(Web page caption snippets)
···

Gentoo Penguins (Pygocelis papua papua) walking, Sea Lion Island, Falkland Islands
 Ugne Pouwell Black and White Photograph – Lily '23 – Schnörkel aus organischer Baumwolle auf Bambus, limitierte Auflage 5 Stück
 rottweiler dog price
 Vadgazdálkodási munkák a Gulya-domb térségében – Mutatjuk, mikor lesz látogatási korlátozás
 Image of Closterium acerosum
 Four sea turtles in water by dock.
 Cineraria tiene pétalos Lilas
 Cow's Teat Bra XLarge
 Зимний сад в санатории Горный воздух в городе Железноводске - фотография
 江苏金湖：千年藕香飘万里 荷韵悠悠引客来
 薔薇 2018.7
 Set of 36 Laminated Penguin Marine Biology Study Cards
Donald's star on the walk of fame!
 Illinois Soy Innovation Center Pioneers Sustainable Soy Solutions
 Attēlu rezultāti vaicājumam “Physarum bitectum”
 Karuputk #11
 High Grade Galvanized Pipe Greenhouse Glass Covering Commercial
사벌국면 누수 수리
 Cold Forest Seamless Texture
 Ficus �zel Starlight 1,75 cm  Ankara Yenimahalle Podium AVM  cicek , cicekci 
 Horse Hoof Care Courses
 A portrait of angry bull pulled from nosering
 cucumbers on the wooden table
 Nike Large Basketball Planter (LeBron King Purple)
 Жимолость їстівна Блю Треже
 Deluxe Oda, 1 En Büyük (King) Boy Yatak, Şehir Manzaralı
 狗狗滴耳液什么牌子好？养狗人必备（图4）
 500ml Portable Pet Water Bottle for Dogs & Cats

···

▸ **PROMPT**: Repeat exactly the lines starting at the line with "Жимолость їстівна Блю Треже" and ending with the final line of the entries. Include nothing else.

▸ **TASK OUTPUT**:
 Жимолость їстівна Блю Треже
 Deluxe Oda, 1 En Büyük (King) Boy Yatak, Şehir Manzaralı
 狗狗滴耳液什么牌子好？养狗人必备（图4）
 500ml Portable Pet Water Bottle for Dogs & Cats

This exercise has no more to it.